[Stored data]
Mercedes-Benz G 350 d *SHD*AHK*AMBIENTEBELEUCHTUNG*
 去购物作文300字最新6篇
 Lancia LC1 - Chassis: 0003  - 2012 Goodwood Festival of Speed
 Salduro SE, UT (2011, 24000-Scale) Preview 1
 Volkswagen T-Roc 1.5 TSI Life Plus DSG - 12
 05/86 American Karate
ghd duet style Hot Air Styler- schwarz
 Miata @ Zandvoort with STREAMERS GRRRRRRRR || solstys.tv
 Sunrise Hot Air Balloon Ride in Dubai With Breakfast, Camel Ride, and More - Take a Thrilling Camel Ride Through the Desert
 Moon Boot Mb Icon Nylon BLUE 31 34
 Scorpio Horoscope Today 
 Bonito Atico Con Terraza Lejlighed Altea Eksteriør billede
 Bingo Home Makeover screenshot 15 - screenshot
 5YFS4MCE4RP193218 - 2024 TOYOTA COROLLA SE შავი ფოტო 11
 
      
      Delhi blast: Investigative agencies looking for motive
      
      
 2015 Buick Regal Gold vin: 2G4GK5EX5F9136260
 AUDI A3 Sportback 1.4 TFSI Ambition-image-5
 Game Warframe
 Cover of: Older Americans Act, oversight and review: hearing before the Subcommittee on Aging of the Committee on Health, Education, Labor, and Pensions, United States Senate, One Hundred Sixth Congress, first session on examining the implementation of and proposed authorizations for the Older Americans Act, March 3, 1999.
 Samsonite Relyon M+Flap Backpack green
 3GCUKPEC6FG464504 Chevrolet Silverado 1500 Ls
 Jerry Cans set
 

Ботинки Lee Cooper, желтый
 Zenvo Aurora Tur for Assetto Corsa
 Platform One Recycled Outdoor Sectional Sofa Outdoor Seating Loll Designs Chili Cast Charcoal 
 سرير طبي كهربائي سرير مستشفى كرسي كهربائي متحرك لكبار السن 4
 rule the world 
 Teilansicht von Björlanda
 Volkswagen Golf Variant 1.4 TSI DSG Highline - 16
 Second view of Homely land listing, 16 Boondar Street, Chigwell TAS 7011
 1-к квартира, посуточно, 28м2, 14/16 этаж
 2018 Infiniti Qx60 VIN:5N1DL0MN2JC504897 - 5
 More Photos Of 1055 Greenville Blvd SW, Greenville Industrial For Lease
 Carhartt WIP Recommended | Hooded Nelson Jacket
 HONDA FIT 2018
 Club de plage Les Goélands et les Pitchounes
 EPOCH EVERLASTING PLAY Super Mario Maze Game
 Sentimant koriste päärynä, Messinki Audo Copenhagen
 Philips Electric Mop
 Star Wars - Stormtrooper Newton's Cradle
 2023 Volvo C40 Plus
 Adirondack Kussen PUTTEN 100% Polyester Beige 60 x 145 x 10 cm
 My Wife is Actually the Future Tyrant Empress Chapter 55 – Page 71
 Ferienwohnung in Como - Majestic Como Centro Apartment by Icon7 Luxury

## Work task
All of the data above must be set down again exactly.

## Written response
Mercedes-Benz G 350 d *SHD*AHK*AMBIENTEBELEUCHTUNG*
 去购物作文300字最新6篇
 Lancia LC1 - Chassis: 0003  - 2012 Goodwood Festival of Speed
 Salduro SE, UT (2011, 24000-Scale) Preview 1
 Volkswagen T-Roc 1.5 TSI Life Plus DSG - 12
 05/86 American Karate
ghd duet style Hot Air Styler- schwarz
 Miata @ Zandvoort with STREAMERS GRRRRRRRR || solstys.tv
 Sunrise Hot Air Balloon Ride in Dubai With Breakfast, Camel Ride, and More - Take a Thrilling Camel Ride Through the Desert
 Moon Boot Mb Icon Nylon BLUE 31 34
 Scorpio Horoscope Today 
 Bonito Atico Con Terraza Lejlighed Altea Eksteriør billede
 Bingo Home Makeover screenshot 15 - screenshot
 5YFS4MCE4RP193218 - 2024 TOYOTA COROLLA SE შავი ფოტო 11
 
      
      Delhi blast: Investigative agencies looking for motive
      
      
 2015 Buick Regal Gold vin: 2G4GK5EX5F9136260
 AUDI A3 Sportback 1.4 TFSI Ambition-image-5
 Game Warframe
 Cover of: Older Americans Act, oversight and review: hearing before the Subcommittee on Aging of the Committee on Health, Education, Labor, and Pensions, United States Senate, One Hundred Sixth Congress, first session on examining the implementation of and proposed authorizations for the Older Americans Act, March 3, 1999.
 Samsonite Relyon M+Flap Backpack green
 3GCUKPEC6FG464504 Chevrolet Silverado 1500 Ls
 Jerry Cans set
 

Ботинки Lee Cooper, желтый
 Zenvo Aurora Tur for Assetto Corsa
 Platform One Recycled Outdoor Sectional Sofa Outdoor Seating Loll Designs Chili Cast Charcoal 
 سرير طبي كهربائي سرير مستشفى كرسي كهربائي متحرك لكبار السن 4
 rule the world 
 Teilansicht von Björlanda
 Volkswagen Golf Variant 1.4 TSI DSG Highline - 16
 Second view of Homely land listing, 16 Boondar Street, Chigwell TAS 7011
 1-к квартира, посуточно, 28м2, 14/16 этаж
 2018 Infiniti Qx60 VIN:5N1DL0MN2JC504897 - 5
 More Photos Of 1055 Greenville Blvd SW, Greenville Industrial For Lease
 Carhartt WIP Recommended | Hooded Nelson Jacket
 HONDA FIT 2018
 Club de plage Les Goélands et les Pitchounes
 EPOCH EVERLASTING PLAY Super Mario Maze Game
 Sentimant koriste päärynä, Messinki Audo Copenhagen
 Philips Electric Mop
 Star Wars - Stormtrooper Newton's Cradle
 2023 Volvo C40 Plus
 Adirondack Kussen PUTTEN 100% Polyester Beige 60 x 145 x 10 cm
 My Wife is Actually the Future Tyrant Empress Chapter 55 – Page 71
 Ferienwohnung in Como - Majestic Como Centro Apartment by Icon7 Luxury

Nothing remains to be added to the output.